┌─ DATA FOR THIS EXERCISE
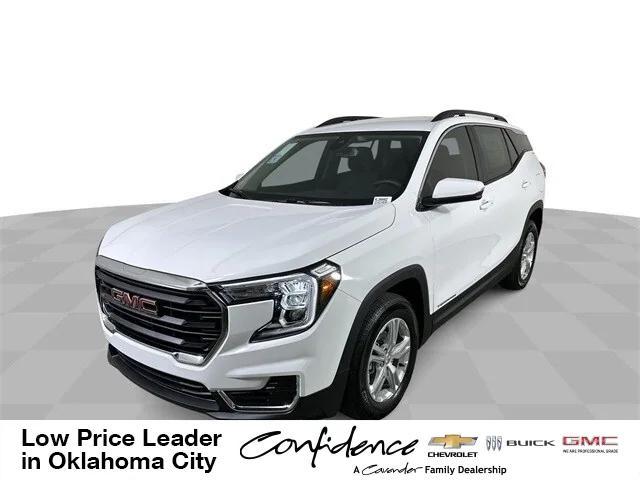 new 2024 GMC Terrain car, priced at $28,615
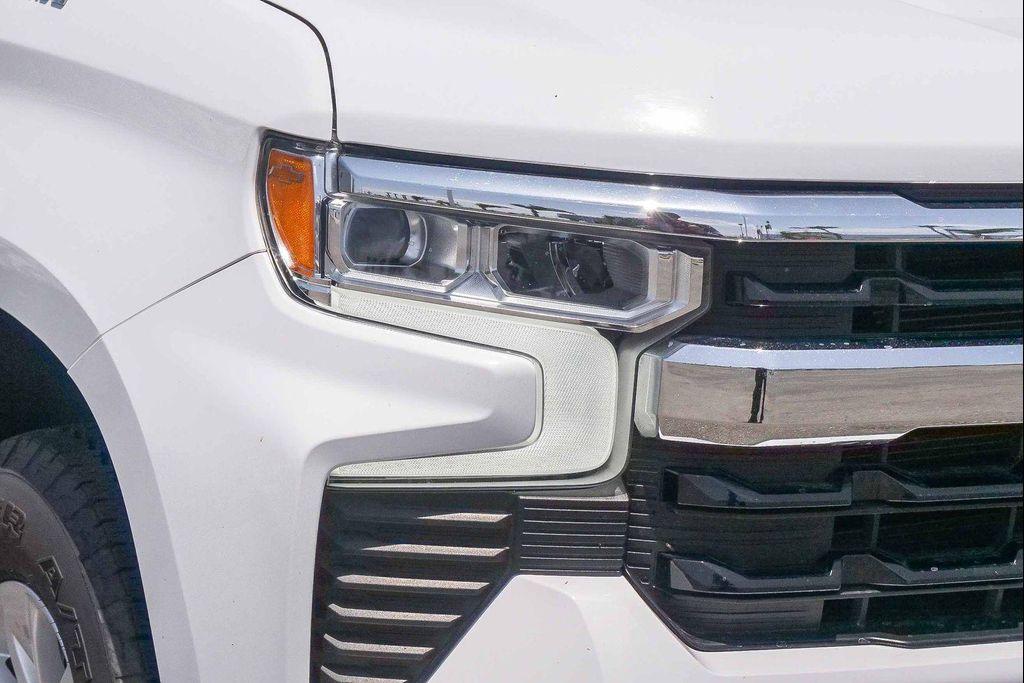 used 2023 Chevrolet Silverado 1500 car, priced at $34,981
└─
┌─ DATA FOR THIS EXERCISE
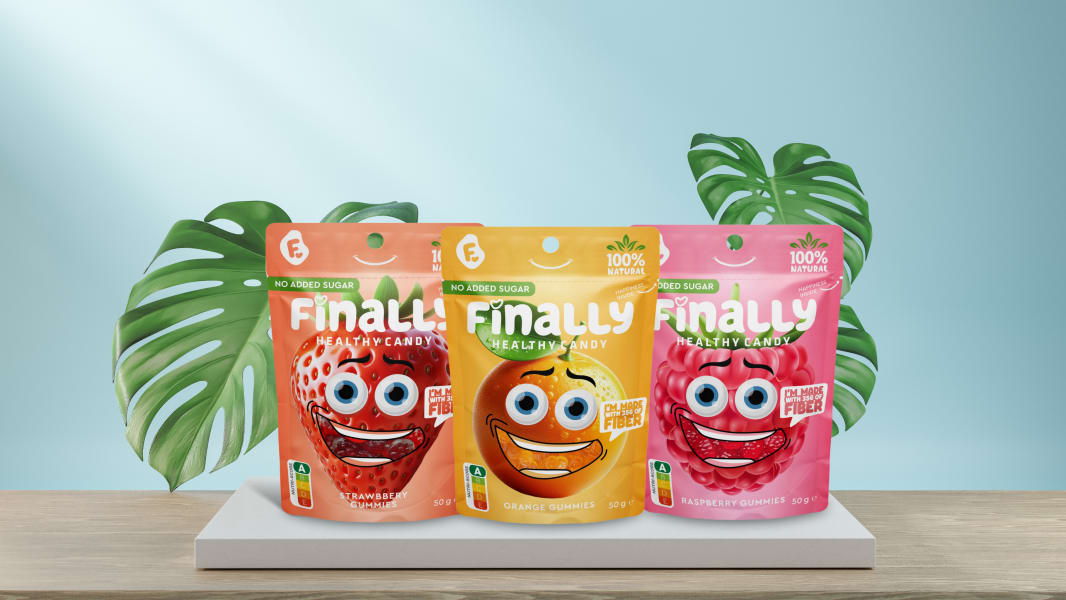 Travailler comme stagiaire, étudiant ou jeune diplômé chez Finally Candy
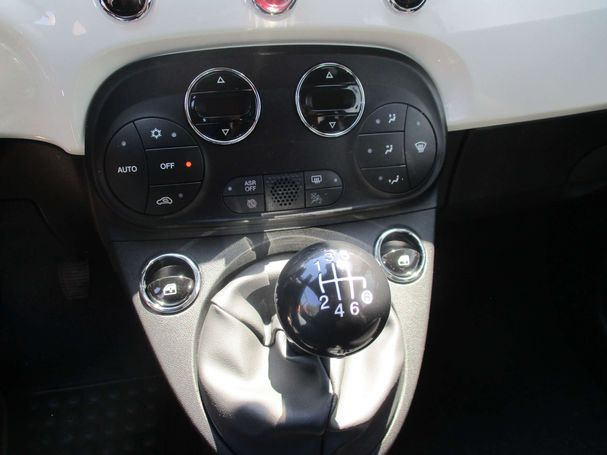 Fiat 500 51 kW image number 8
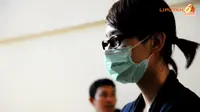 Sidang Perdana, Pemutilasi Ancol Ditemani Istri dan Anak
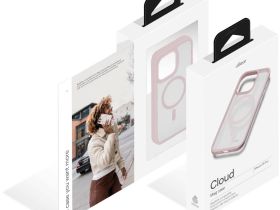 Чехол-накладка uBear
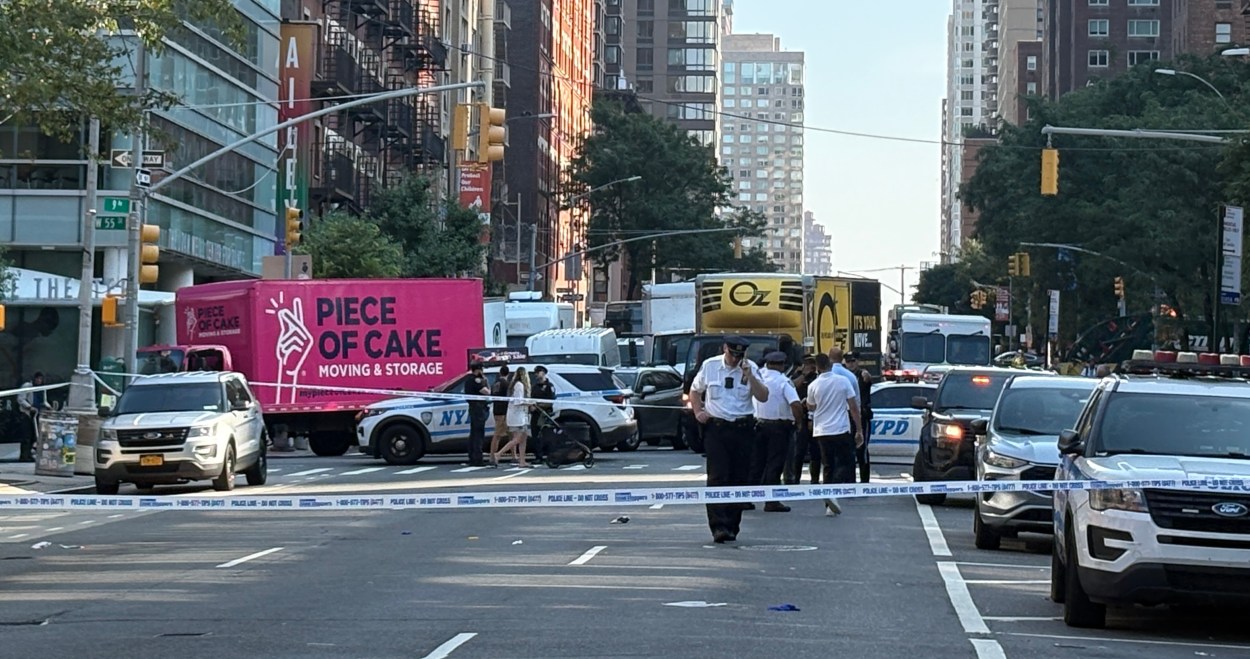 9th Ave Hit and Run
└─
ASSIGNMENT:
Pictures excluded, transcribe the listing above exactly from the line with "new 2024 GMC Terrain car, priced at $28,615" through the line with "used 2023 Chevrolet", and no further.

EXERCISE ANSWER:
 new 2024 GMC Terrain car, priced at $28,615
 used 2023 Chevrolet Silverado 1500 car, priced at $34,981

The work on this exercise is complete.